In the 1957 classic 12 Angry Men, group dynamics are portrayed through a jury deliberation. Group dynamics is concerned with the structure and functioning of groups as well as the different types of roles each character plays. In the film, twelve men are brought together in a room to decide whether a boy is guilty of killing his father. The personality conflicts, the joint effort and the functioning of several minds together to search for the truth are just a few characteristics of group dynamics at work. The whole spectrum of humanity is represented in this movie, from the bigotry of Juror No.10 to the coldly analytical No.4. Whether they brought good or bad qualities to the jury room, they all affected the outcome.

At the outset, eleven jurors vote in favor of convicting the accused without even discussing a single shred of the evidence presented at the trial.
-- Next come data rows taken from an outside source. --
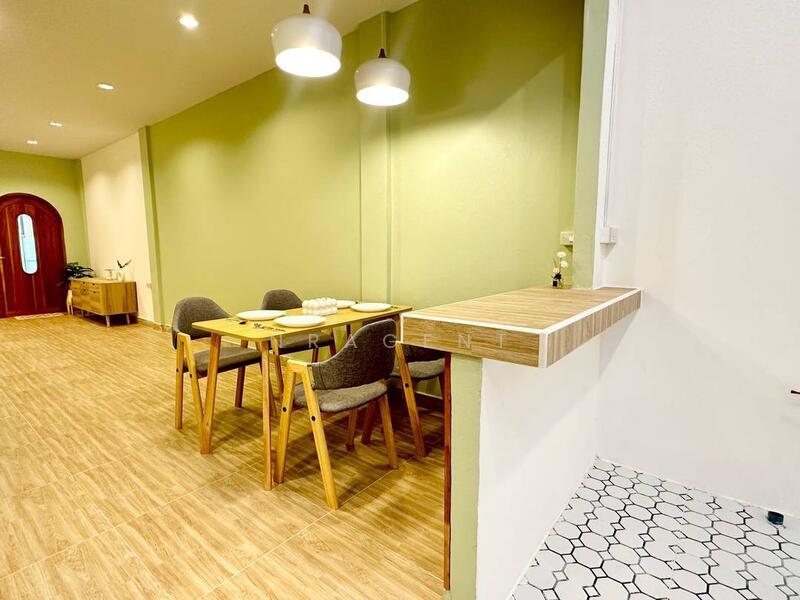 BAAN BUATHONG, Nonthaburi, Bang Rak Pattana, Bang Bua Thong, Nonthaburi, 3 Bedrooms, 96 sqm, Townhouse For Sale, by NRagent, 500090308 - DDproperty.com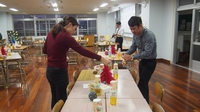 ~　精神保健福祉学科 ★ 実習報告会 ~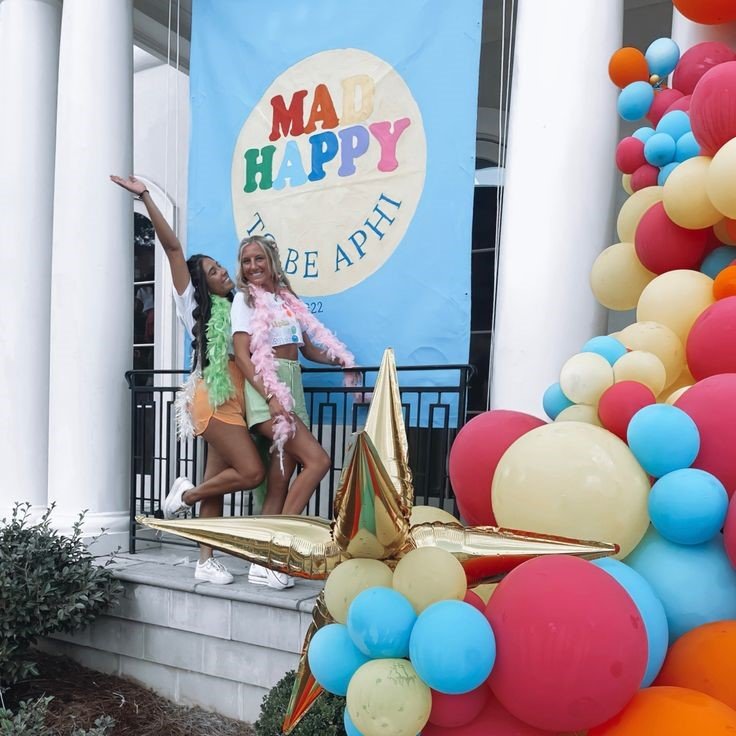 How Madhappy Blends Fashion with Mental Health Advocacy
When a group becomes too confident and fails to think realistically about its task, groupthink can occur. Since it takes a longer time to communicate and reach a consensus in a group, decision making in a group is time-consuming. Therefore, when groups want to achieve a quick decision, as several jurors were eager to do, they make riskier decisions than individuals. Since not any individual is completely accountable for the decision, members will have a tendency to accept more extreme solutions. Only one brave juror refused to vote guilty. Juror #8 refused to fall into the groupthink trap and ultimately saved an innocent man's life. He openly admits that he does not know whether the accused is guilty or innocent and that he finds it necessary to simply talk about the case. What follows is not only a discussion of the particular facts of the case, but also an intense examination of the personal baggage that each jury member brings to the room.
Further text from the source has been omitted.